• TASK OBJECTIVE
Could you transcribe each entry below exactly, minus the images?

[Data records]
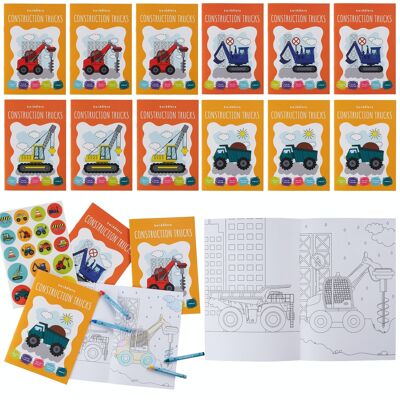 12 Malbücher für Kinder, verschiedene Lkw-Designs zum Ausmalen mit 48 Buntstiften und 12 Stickerbögen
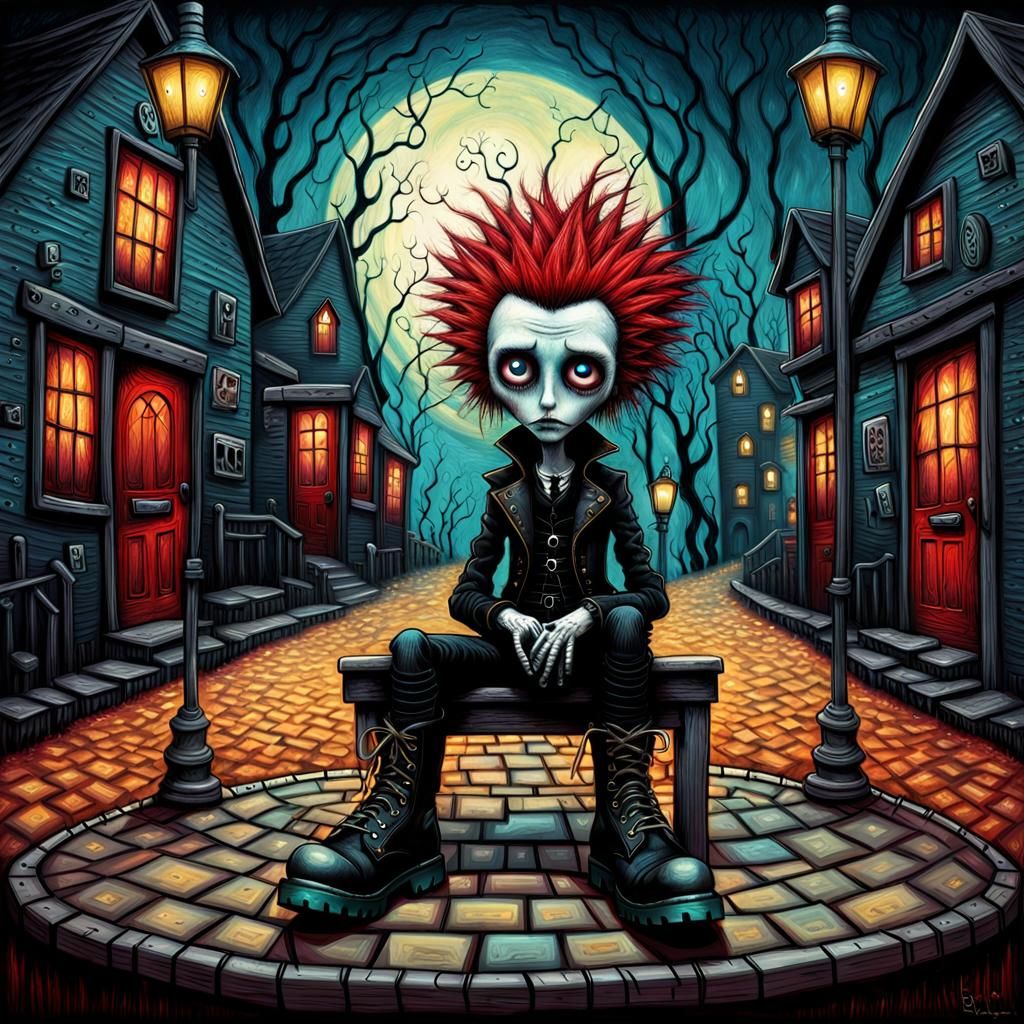 Gothic Punk Rocker in Burton-esque Spiraling Fairytale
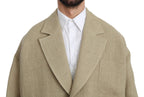 Beige Jacke Mantel 100 % Jute Blazer Mantel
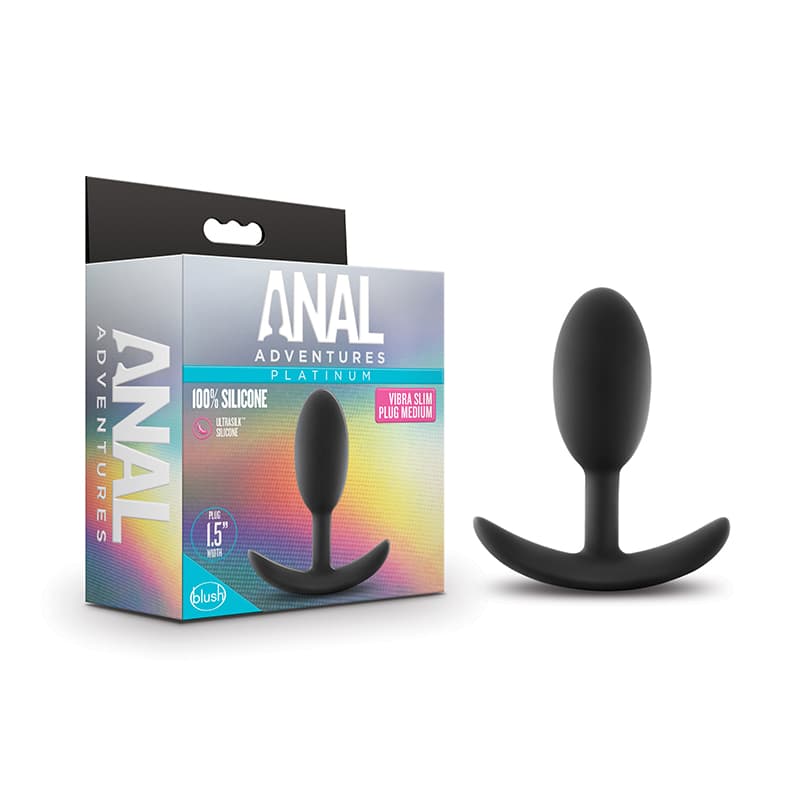 Anal Adventures Platinum Silicone Weighted Vibra Slim Plug Medium Black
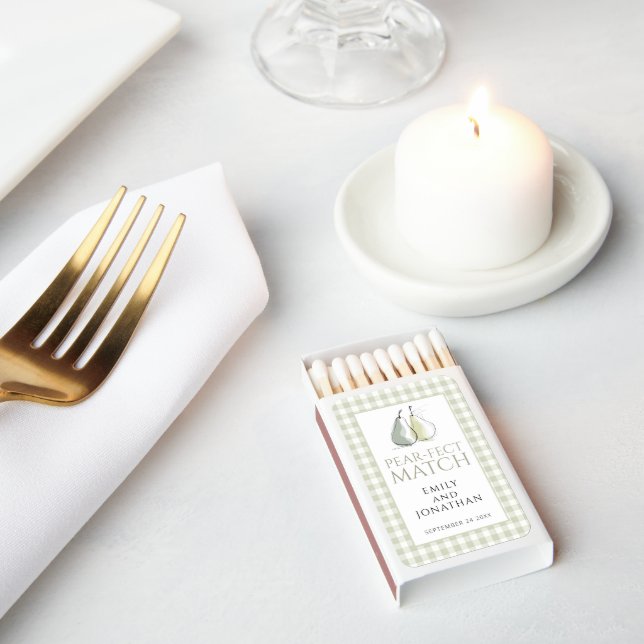 Sage Gingham Pears Pear-fect Match Wedding (Insitu)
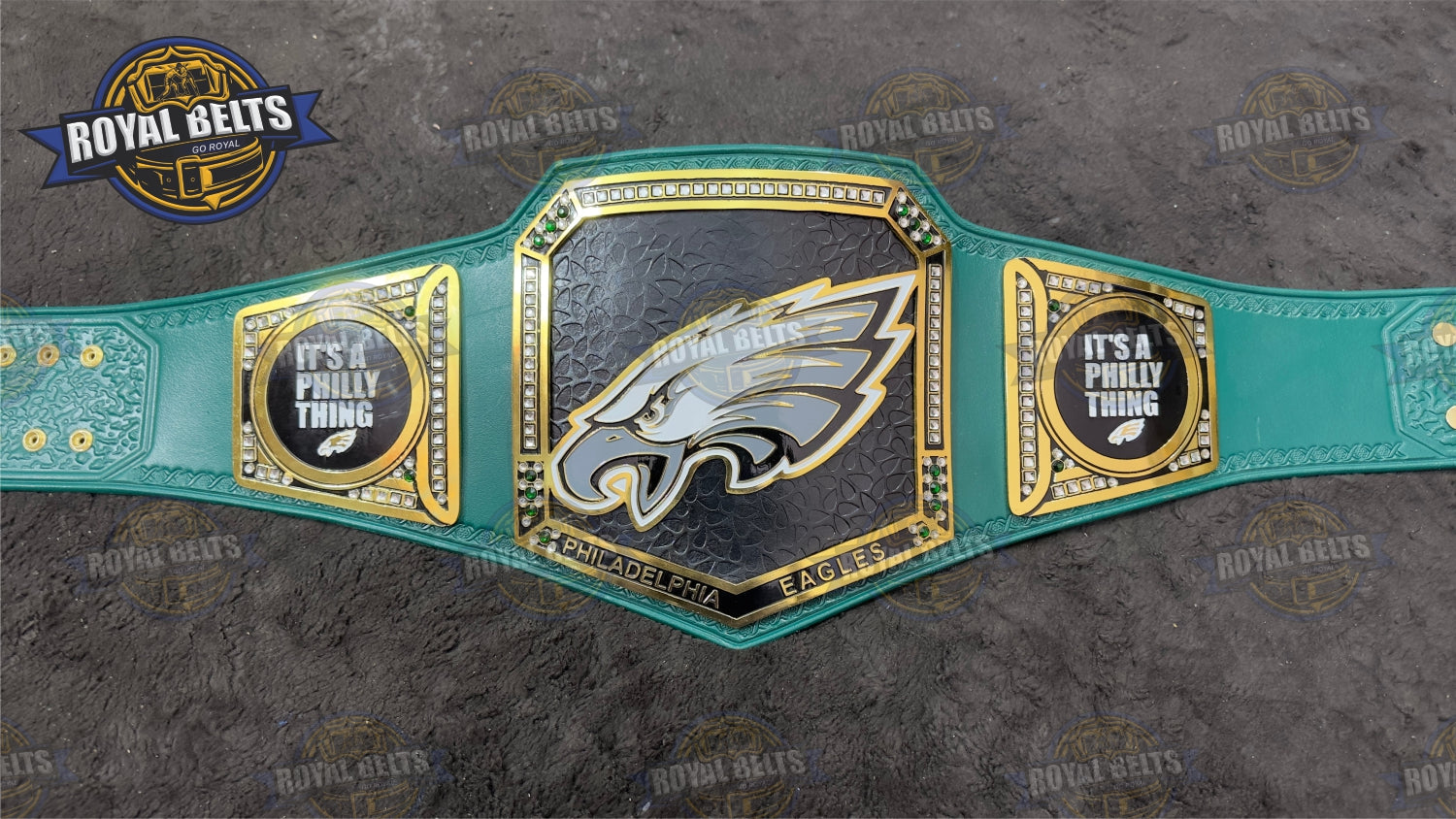 Philadelphia Eagles NFL Title Belt with raised logo center plate, durable leather style backing Made by Royal Belts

• ANSWER TO THIS PROBLEM
 12 Malbücher für Kinder, verschiedene Lkw-Designs zum Ausmalen mit 48 Buntstiften und 12 Stickerbögen
 Gothic Punk Rocker in Burton-esque Spiraling Fairytale
 Beige Jacke Mantel 100 % Jute Blazer Mantel
 Anal Adventures Platinum Silicone Weighted Vibra Slim Plug Medium Black
 Sage Gingham Pears Pear-fect Match Wedding (Insitu)
 Philadelphia Eagles NFL Title Belt with raised logo center plate, durable leather style backing Made by Royal Belts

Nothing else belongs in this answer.